Featured Poet - Charly White


OKAY


I’m not okay, and I know

‘that’s okay’

but how do I get past that?

with everything I can’t understand and all the words

I cannot find, cannot feel

Happy - yes that’s it!

is that what I’m aiming for?

if so, I’m failing (and that doesn’t help)

Help - that feels more like it

4 simple letters strung together

in desperation

but how do I use them?

where are they?

I can feel them already, slipping away

into the realm of everything that feels wrong.
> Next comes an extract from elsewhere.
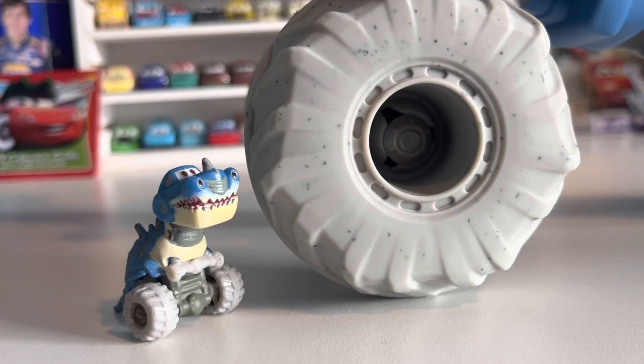Hello everybody and welcome back to another video. In today's video we're going to be looking at the Tyrannomysosaurus Rex, both the mini racer version and the gigantic plastic version, which is kind of like a playset but functions just like a regular die cast and is the same size as a regular die cast. I think it's pretty much just a normal 1:55 Mattel vehicle.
And I am there, in the centre of it all

lost, falling.


SPREADING


The infection in my mind

has taken to rot, taken hold

of my body - claimed

as its next victim.

I can feel it, slowly, breaking away

at each bone, each bite: fresh and ripe

Euphoric - it can’t get enough.

Wearing me down, as I wither away

in its delight


CHECKED-OUT


I’m not even sure

what it is that I’m looking for

why I keep digging

at this bottomless hole

that swallows me up

as the days keep on turning

and I lose track of time in this

darkened new home

I thought I was reaching to climb myself higher

but it seems I have dug myself

further below, far away

from the world that is thriving and growing

whilst I find myself

shrinking

lost, and

alone


THE GHOST IN NEED


Today I winced, as I looked in the mirror

and my ribs pounced out to break free.

Today I cried, as I saw my reflection

and the bones that were left of me.

Are you happy now? My stomach growled

in disgust,

an agonising screech of pain.

Not at all, I whisper

with a sympathetic pity

for the ghost

I must try

to love again.


CAGE


When did I step inside this cage?

I can’t remember walking in

but here I am, no longer free

as my body repulses, each time

I try to leave: hands shaking, breath short

head exploding, screaming over and over

RETREAT

as the bars slam down

to block my path with its

thick iron lock … when

did I step inside this cage?

I can’t remember walking in

yet here I am

no longer free

and it’s me who has always

held the key



SILHOUETTE


Today the sun rose

and fell, without a second

alone

from the rain, without a sound

muttered from a neglected voice

and already

the soul-less silhouette of darkness has been

cast down

in its sobering silence

to accompany me

in my solitude




ABOUT CHARLY

Charly is a poetry author from South Wales, UK. Her writing focuses on mental health, mindfulness, nature, and well-being; she hopes to connect with the world and inspire a more gentle way of living. A lot of her work has been written during her time living in France and throughout her travels in Asia. She has just released her first poetry book, A Collection of Wildflowers (Arkbound UK). Her poems are featured in the Mental Health anthology, the online literary journal: Poemstellium (Mental Health Awareness Day, 2023), and the literary magazine: Coffee People Zine (Issue 21: Fire).